## Directions for this task
Print the lines exactly. Start at the first line of the material below, end with the line that contains "Cafe Interior Having", and skip all pictures.

## Task inputs
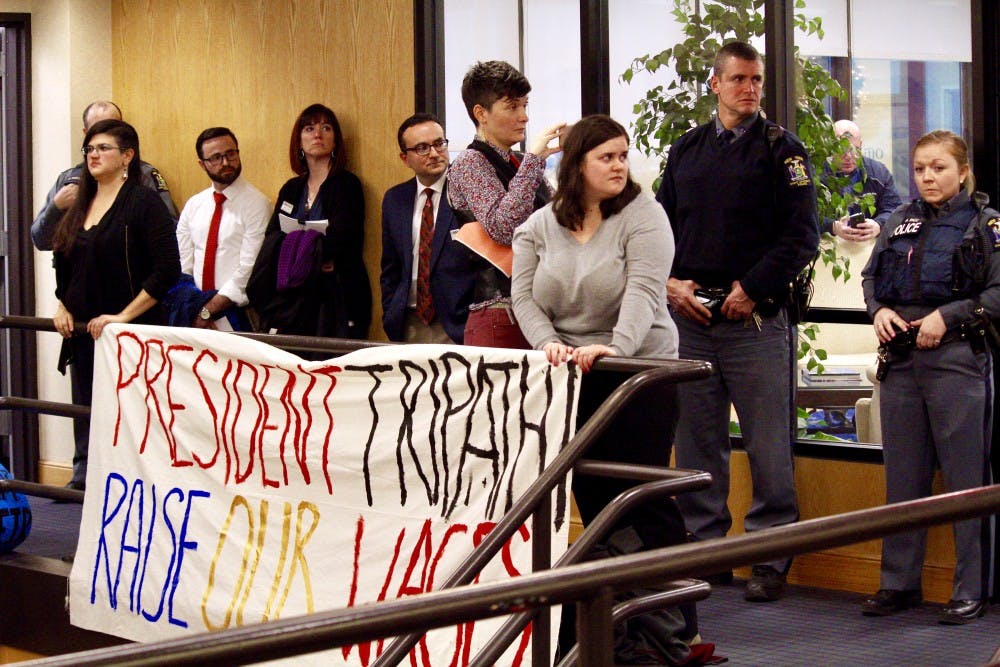 <p>Demonstrators from the Living Stipend Movement marched through the academic spine to Capen Hall on Monday afternoon. This is the group's third protest this semester to demand a "living stipend."</p>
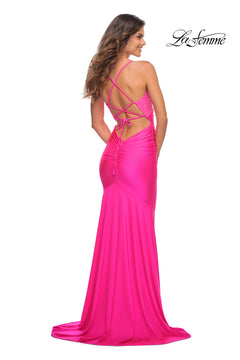 A woman stands looking over her shoulder in the Neon Pink Jersey La Femme Dress 30688—floor-length, backless, with crisscross straps and ruched detail. The "La Femme" logo appears in the top right corner.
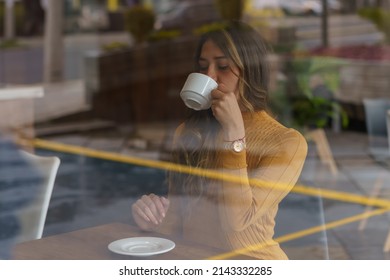 Cafe Interior Having A Cup Of Coffee, Lifestyle And Break With Drinks, Young Woman With Long Hair, Window Reflection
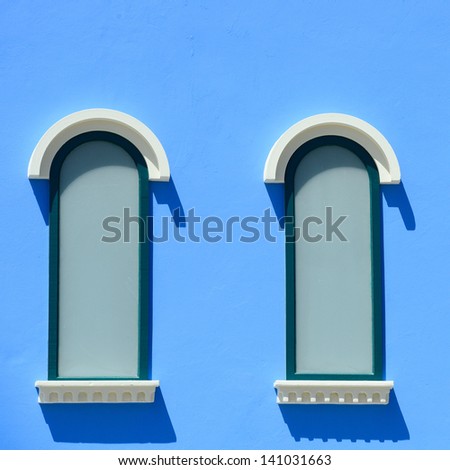 Windows on blue wall in sunny day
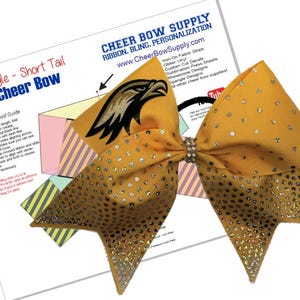 May include: A gold cheer bow with a short tail and rhinestones. The bow is decorated with a black and gold eagle graphic. The image also includes a fold guide with instructions on how to make a cheer bow.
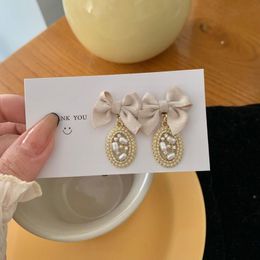 Stud Fashion S925 French Retro Fabric Bow Pearl Earrings Female Korean Temperament Cold Trend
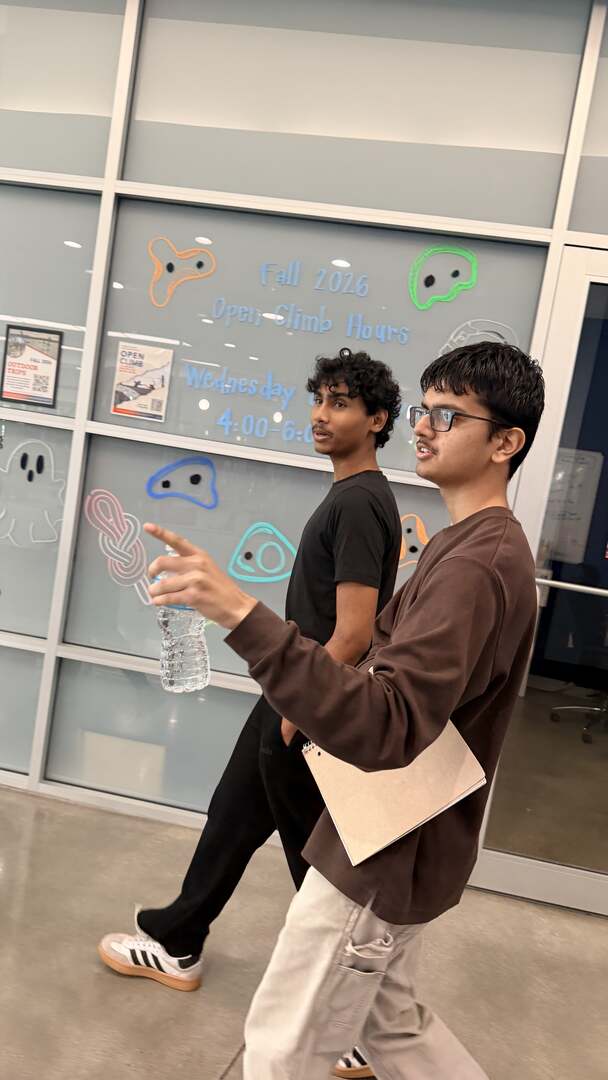 A student pointing out the climbing wall schedule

## Reply
 <p>Demonstrators from the Living Stipend Movement marched through the academic spine to Capen Hall on Monday afternoon. This is the group's third protest this semester to demand a "living stipend."</p>
 A woman stands looking over her shoulder in the Neon Pink Jersey La Femme Dress 30688—floor-length, backless, with crisscross straps and ruched detail. The "La Femme" logo appears in the top right corner.
 Cafe Interior Having A Cup Of Coffee, Lifestyle And Break With Drinks, Young Woman With Long Hair, Window Reflection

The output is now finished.